Hehe, yea, it threw me for awhile when I first saw it in Codd's new book (its
still a bit confusing, but I really haven't studied it). Basically, as I
understand it, it breaks down like this:
2-valued logic: defines the results of applying relational operators to TRUE
or FALSE operands.
3-valued logic: same as 2-valued logic except operands might be TRUE, FALSE,
or UNKNOWN.
4-valued logic: same as 3-valued logic except operands might be TRUE, FALSE,
NOT-APPLICABLE, UNKNOWN-BUT-APPLICABLE (forget if that's the right
terminology).
Check Codd's book, "The Relational Model for Database Management Version 2"
for more in-depth reasoning on 4-valued logic's applicability to relational
databases.
--
====================================================================
David Masterson Consilium, Inc.
uunet!cimshop!davidm Mtn. View, CA 94043
====================================================================
"If someone thinks they know what I said, then I didn't say it!"

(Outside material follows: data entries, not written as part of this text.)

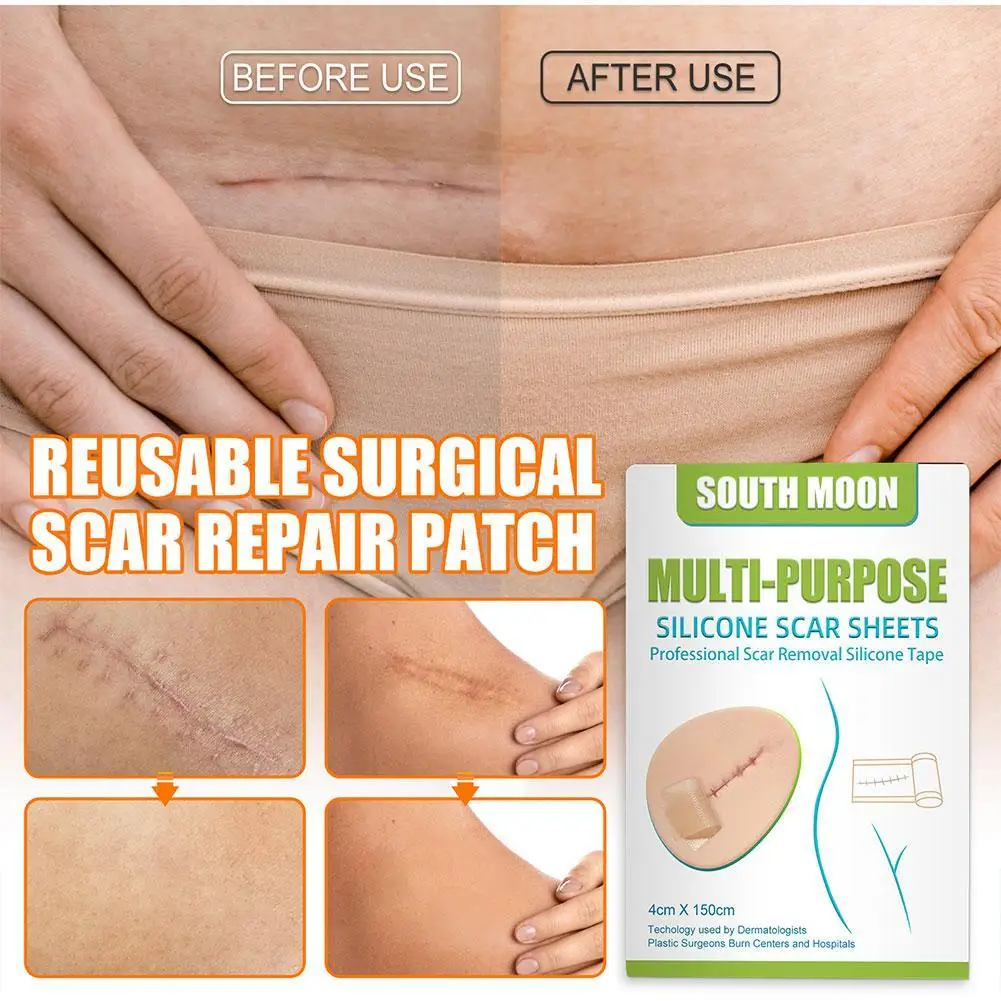 Silicone Surgical Scar Removal Patch Remove Trauma Burn Sheet Skin Repair Scar Removal Therapy Patch For Acne Scar Treatment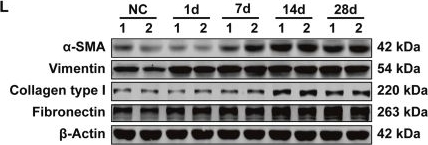 Fig.1.L showing Western Blotting from the publication: Wnt5b/FZD1/LRP6 signaling drives renal fibrosis by triggering cytoplasmic stabilization and nuclear translocation of β-catenin under hypoxia.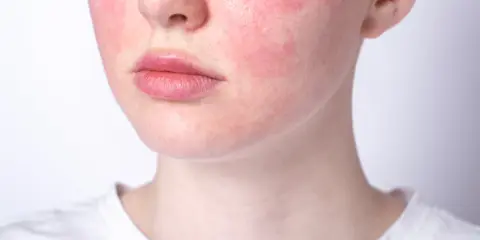 Rötungen im Gesicht, ein mögliches Zeichen für Stress symptome haut. Die Haut ist gerötet, besonders auf den Wangen.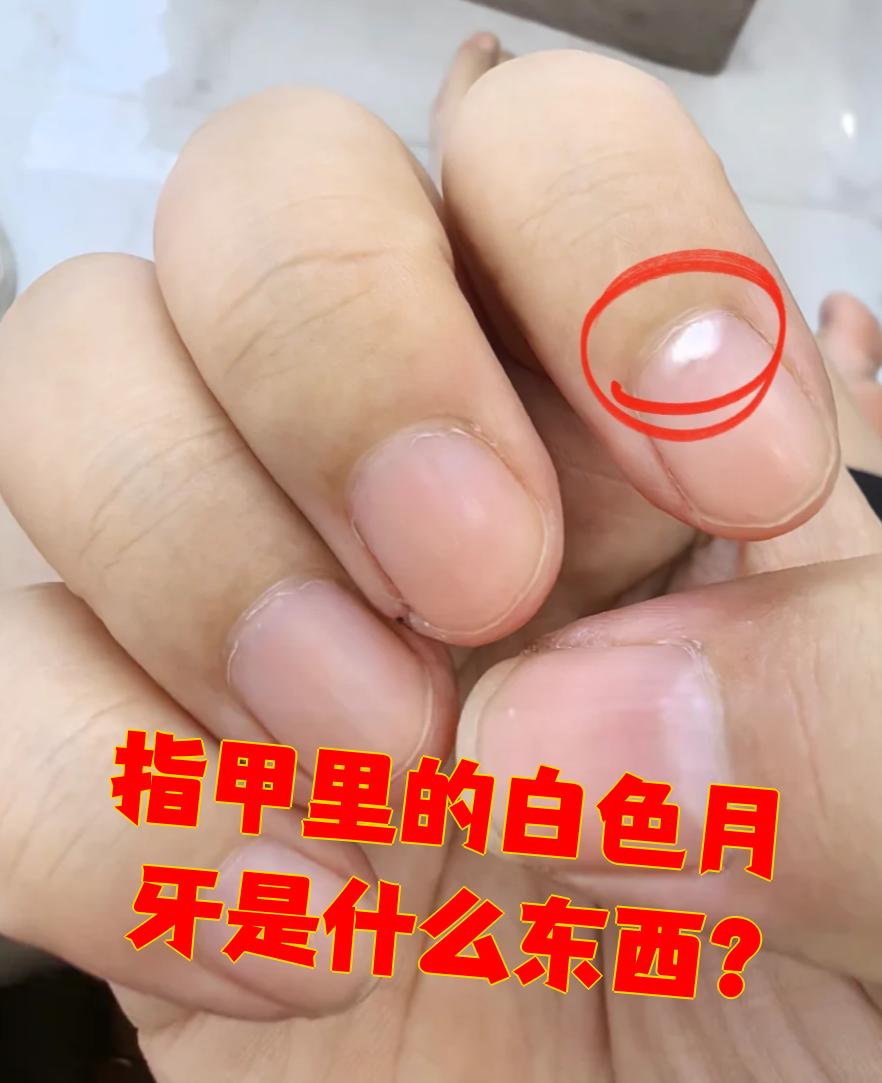 手指甲上的月牙代表什么?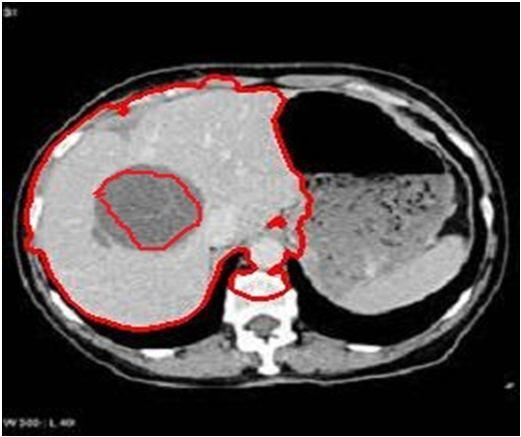 This experiment utilizes a CT liver tumor image where the tumor region is much brighter. Our target is to outline the correct tumor region using the available methods. Fig.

Chuck.Phillips@FtCollins.NCR.COM (Chuck.Phillips) (10/08/90)
Just a nit:
>>>>> On 7 Oct 90 20:23:37 GMT, aaron@grad2.cis.upenn.edu (Aaron Watters) said:
Aaron> unknown means `this may be true or false or error, but we don't
Aaron> know which.'
Aaron> error means `this can't have any truth value'
So far so good.
Aaron> -- in the example above ["the king of North America is bald"]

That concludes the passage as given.